[ASSIGNED TASK]
Please repeat the lines below, exactly and only, from the one that holds "a view of a livingroom with a staircase" through the one that holds "Man in white".

[MATERIAL PROVIDED]
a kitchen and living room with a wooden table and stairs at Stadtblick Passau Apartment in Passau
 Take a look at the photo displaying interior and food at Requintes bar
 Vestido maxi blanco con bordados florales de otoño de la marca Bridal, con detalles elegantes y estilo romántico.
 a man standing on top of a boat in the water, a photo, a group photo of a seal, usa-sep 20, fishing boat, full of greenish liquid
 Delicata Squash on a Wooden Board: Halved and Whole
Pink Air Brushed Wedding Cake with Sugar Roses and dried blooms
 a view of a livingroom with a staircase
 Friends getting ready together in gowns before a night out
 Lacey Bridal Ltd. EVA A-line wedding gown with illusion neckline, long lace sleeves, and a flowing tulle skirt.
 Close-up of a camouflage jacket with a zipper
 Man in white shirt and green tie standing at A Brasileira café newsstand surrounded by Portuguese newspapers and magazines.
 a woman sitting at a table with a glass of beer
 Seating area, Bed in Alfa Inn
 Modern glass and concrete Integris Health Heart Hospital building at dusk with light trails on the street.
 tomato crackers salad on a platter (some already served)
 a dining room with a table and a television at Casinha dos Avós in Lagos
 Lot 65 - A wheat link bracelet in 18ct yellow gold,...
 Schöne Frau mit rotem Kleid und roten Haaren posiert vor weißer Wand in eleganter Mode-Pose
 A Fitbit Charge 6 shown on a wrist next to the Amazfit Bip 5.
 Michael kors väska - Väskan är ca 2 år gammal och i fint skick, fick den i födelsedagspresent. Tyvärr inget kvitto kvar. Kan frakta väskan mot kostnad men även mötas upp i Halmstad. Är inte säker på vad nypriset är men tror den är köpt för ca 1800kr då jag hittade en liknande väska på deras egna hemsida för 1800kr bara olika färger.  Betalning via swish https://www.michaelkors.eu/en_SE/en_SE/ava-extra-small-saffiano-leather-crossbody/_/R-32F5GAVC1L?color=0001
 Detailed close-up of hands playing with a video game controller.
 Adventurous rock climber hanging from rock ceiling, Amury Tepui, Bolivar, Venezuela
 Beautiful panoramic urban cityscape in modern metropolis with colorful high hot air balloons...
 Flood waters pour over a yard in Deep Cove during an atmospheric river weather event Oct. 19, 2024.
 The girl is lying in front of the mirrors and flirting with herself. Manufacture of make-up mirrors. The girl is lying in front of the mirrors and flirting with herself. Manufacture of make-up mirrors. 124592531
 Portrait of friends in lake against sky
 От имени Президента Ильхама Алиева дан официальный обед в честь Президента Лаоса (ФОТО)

[SOLUTION FOR THIS TASK]
 a view of a livingroom with a staircase
 Friends getting ready together in gowns before a night out
 Lacey Bridal Ltd. EVA A-line wedding gown with illusion neckline, long lace sleeves, and a flowing tulle skirt.
 Close-up of a camouflage jacket with a zipper
 Man in white shirt and green tie standing at A Brasileira café newsstand surrounded by Portuguese newspapers and magazines.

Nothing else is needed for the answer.